## Requirement:
Your answer should hold only the lines from the start of the data below through the line with "This family hauler", copied exactly, with pictures left out.

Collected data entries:
┄┄┄┄┄┄

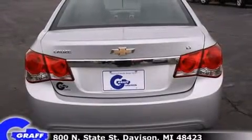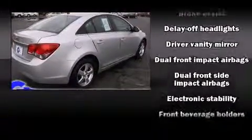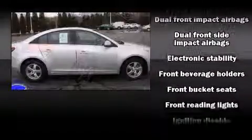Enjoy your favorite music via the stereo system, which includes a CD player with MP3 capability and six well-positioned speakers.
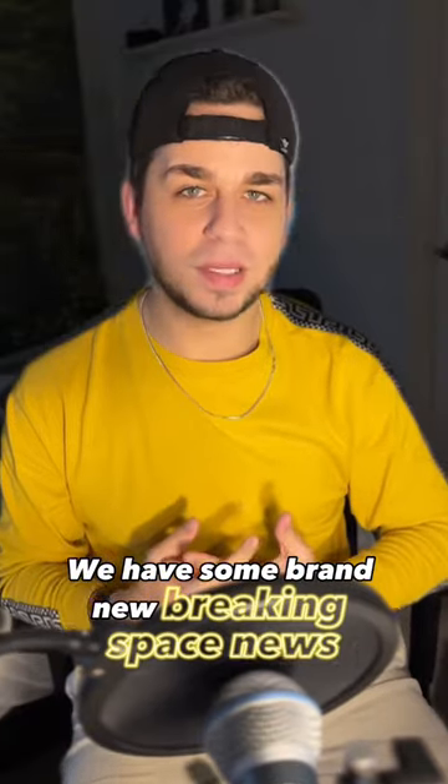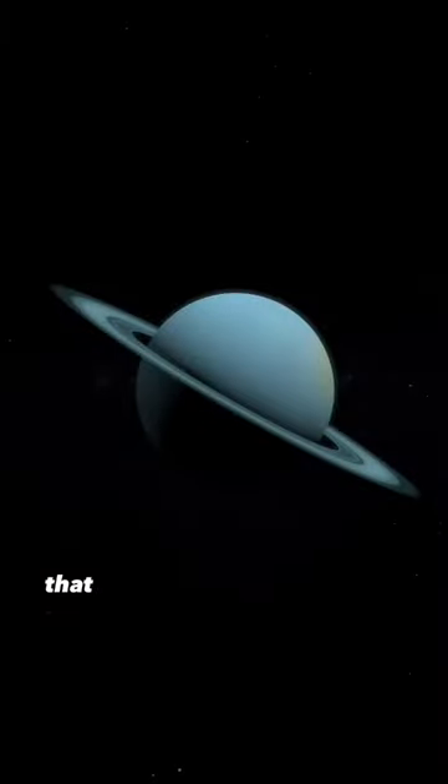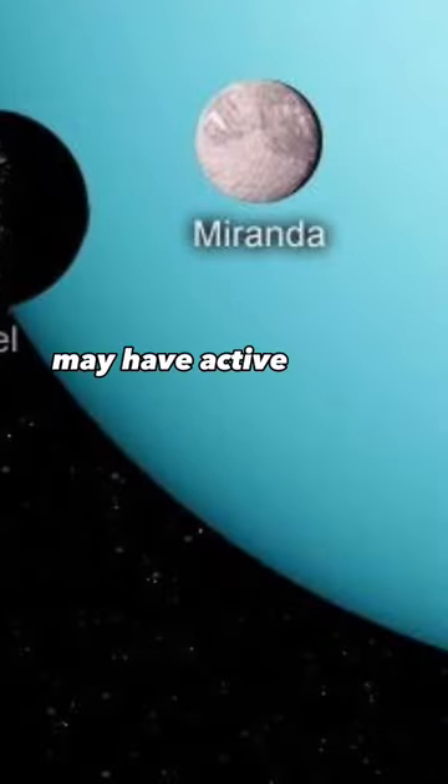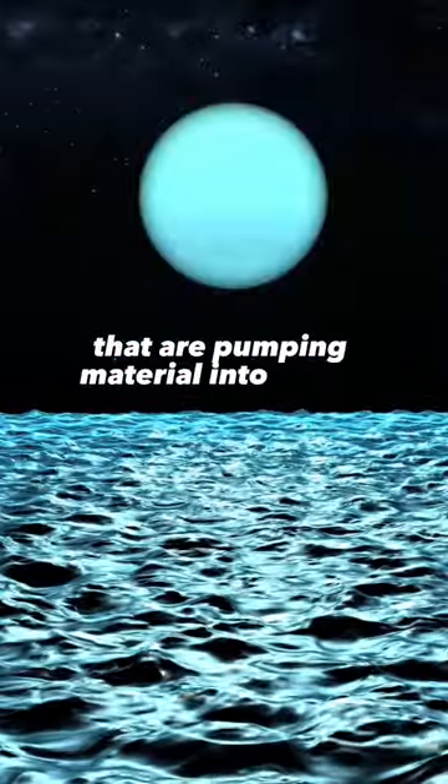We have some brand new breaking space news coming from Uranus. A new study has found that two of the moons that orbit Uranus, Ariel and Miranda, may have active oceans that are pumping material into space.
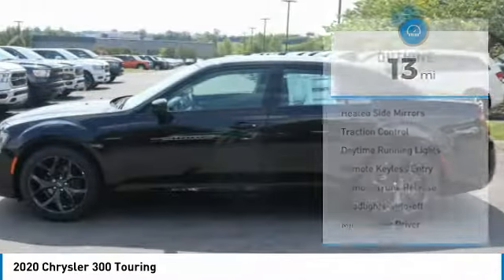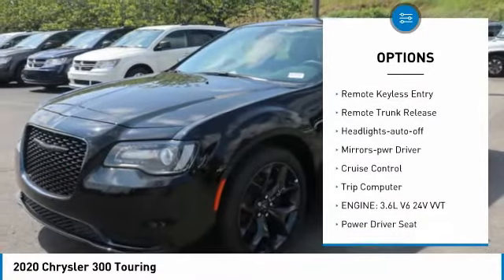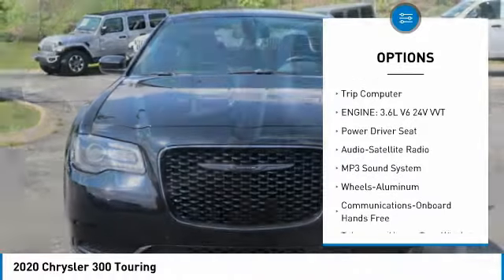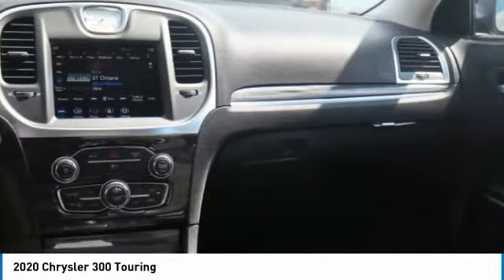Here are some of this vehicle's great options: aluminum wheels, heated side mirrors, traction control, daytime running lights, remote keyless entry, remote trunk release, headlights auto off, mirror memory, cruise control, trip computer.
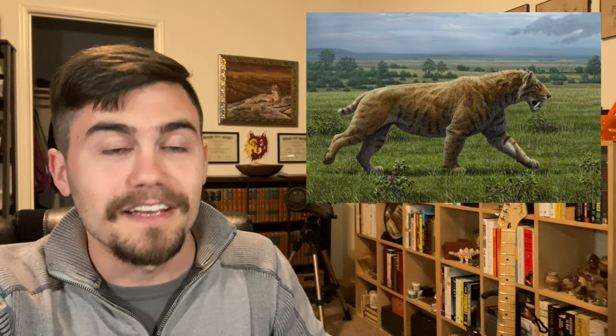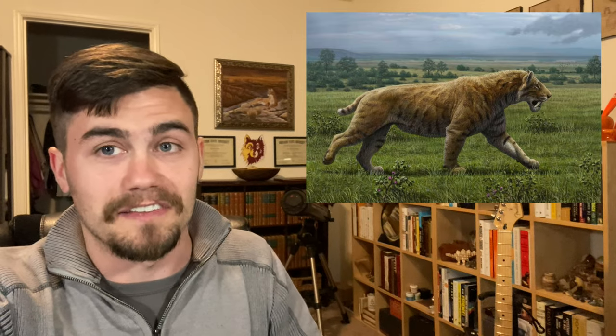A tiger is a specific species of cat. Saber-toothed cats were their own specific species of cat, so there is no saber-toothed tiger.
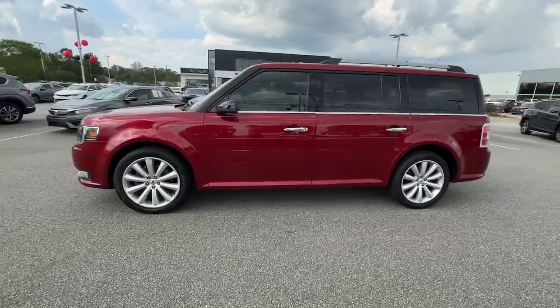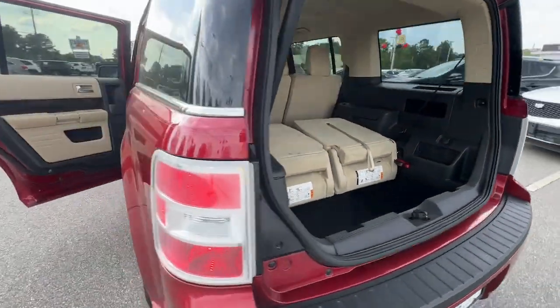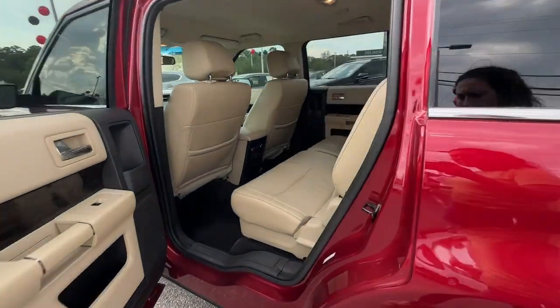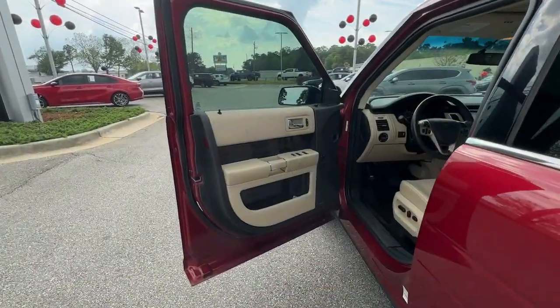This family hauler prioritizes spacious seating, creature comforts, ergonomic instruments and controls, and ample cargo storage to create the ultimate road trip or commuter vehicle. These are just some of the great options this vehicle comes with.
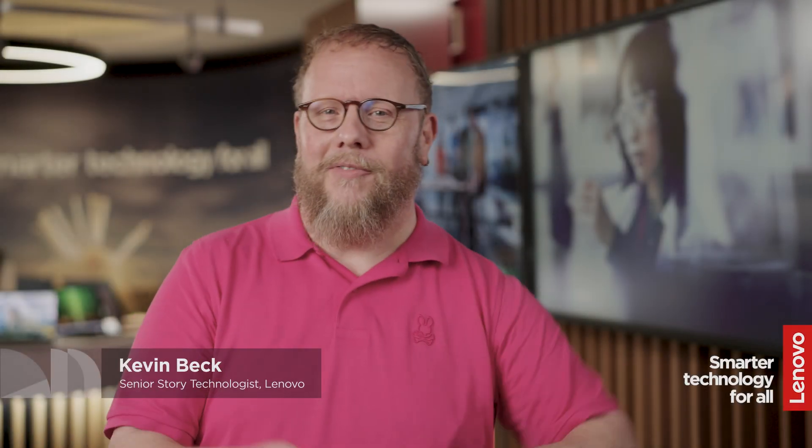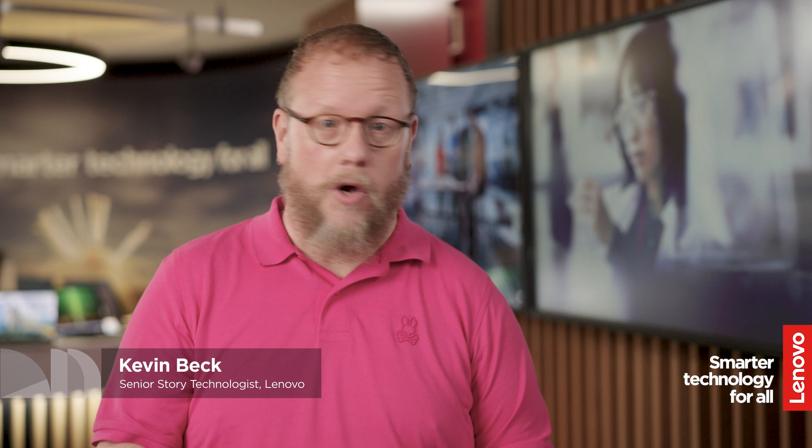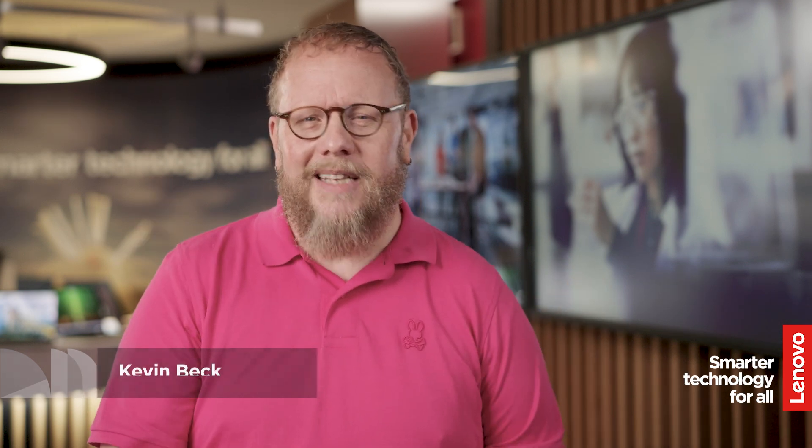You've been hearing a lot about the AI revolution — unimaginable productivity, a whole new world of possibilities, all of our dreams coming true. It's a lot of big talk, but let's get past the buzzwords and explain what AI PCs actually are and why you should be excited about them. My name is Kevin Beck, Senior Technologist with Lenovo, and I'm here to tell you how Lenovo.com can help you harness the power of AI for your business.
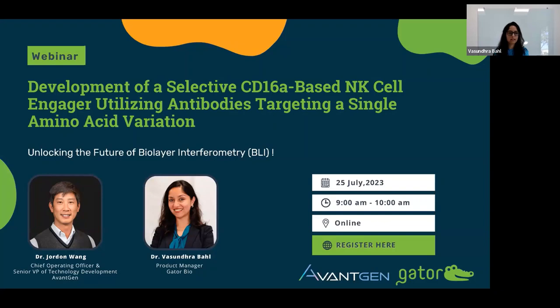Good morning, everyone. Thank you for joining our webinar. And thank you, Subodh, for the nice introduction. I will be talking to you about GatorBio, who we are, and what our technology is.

┄┄┄┄┄┄

## Finished exercise:
Enjoy your favorite music via the stereo system, which includes a CD player with MP3 capability and six well-positioned speakers.
We have some brand new breaking space news coming from Uranus. A new study has found that two of the moons that orbit Uranus, Ariel and Miranda, may have active oceans that are pumping material into space.
Here are some of this vehicle's great options: aluminum wheels, heated side mirrors, traction control, daytime running lights, remote keyless entry, remote trunk release, headlights auto off, mirror memory, cruise control, trip computer.
A tiger is a specific species of cat. Saber-toothed cats were their own specific species of cat, so there is no saber-toothed tiger.
This family hauler prioritizes spacious seating, creature comforts, ergonomic instruments and controls, and ample cargo storage to create the ultimate road trip or commuter vehicle. These are just some of the great options this vehicle comes with.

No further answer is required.